This proposal submission is a collaboration between @StefanoFioravanzo, @andreyvelich, and myself. We also got helpful feedback from multiple other community members.

ederign avatar Jan 29 '25 16:01 ederign

This proposal is also related to the 'SDK discussion' on https://github.com/kubeflow/training-operator/issues/2402#issuecomment-2619160006

ederign avatar Jan 29 '25 16:01 ederign

@ederign thanks for migrating our notes and creating the issue! Looking forward to starting these efforts and can't wait to hear feedback from the community

StefanoFioravanzo avatar Jan 29 '25 16:01 StefanoFioravanzo

cc @zsailer @bigsur0 @shravan-achar @akshaychitneni

andreyvelich avatar Jan 29 '25 16:01 andreyvelich

Thanks for the well-written proposal. Some of these align very well with the mission of the Elyra project. Given the synergy, it might be a good idea to explore how we could make some of these in the context of Jupyter/Elyra in particular as we are all projects related to the Linux Foundation. Please let me know if any specific meetings are happening in this area.

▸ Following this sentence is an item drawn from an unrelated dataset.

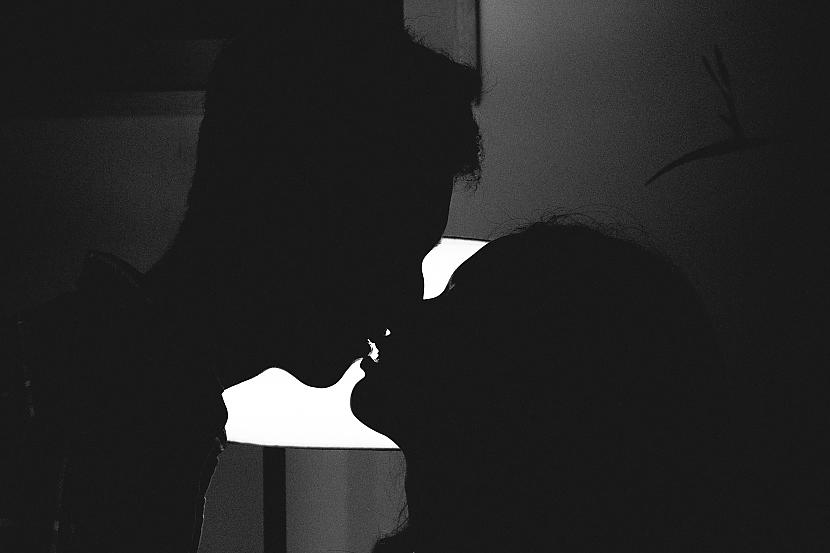 Riebjas skūpstīties ar... Autors: matilde Smieklīgākās un dīvainākās pusaudžu problēmas no žurnāla «Sīrups»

cc @caponetto @shalberd @romeokienzler

lresende avatar Jan 29 '25 20:01 lresende

@lresende absolutely! We still need to wait for broader feedback from the community about the proposal, but if we agree to proceed, I'll make sure to invite Elyra folks to the discussions.

ederign avatar Jan 29 '25 22:01 ederign

I think this is a great idea and will enhance the overall UX with Kubeflow! I'd be happy to help out with any of the initiatives.

Griffin-Sullivan avatar Jan 30 '25 14:01 Griffin-Sullivan

Really detailed proposal, thank you very much for that! From my experience at Pepsico, Data Scientists often struggle to get familiar with Kubeflow, and companies typically need to develop a tool or library to help them use it effectively. Once implemented, this could definitely accelerate adoption.

milosjava avatar Jan 31 '25 19:01 milosjava

I think it's really great initiative that will improve Kubeflow usability. And thank you so much for the detailed explanation, great work! I would really like to help in this initiative.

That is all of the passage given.